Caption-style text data
=== Section Start ===
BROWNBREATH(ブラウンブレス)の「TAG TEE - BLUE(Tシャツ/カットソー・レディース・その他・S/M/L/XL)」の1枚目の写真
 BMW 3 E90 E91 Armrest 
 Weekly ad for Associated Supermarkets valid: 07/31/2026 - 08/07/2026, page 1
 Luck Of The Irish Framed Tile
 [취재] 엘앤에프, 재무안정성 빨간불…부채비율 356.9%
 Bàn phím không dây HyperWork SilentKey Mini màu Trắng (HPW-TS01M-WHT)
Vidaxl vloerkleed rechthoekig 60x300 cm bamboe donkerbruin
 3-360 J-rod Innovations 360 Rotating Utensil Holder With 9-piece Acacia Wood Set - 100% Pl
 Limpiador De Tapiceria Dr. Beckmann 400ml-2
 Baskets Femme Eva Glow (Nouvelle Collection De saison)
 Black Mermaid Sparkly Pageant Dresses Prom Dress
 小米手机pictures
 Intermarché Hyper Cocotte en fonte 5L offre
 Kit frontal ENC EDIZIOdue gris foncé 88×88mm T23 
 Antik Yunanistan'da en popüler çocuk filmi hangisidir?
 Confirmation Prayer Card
=== Section End ===
:: ASSIGNED TASK ::
Exactly reproduce the lines of the data above that run from the line containing "Kit frontal ENC" through the final one.

:: EXERCISE RESPONSE ::
 Kit frontal ENC EDIZIOdue gris foncé 88×88mm T23 
 Antik Yunanistan'da en popüler çocuk filmi hangisidir?
 Confirmation Prayer Card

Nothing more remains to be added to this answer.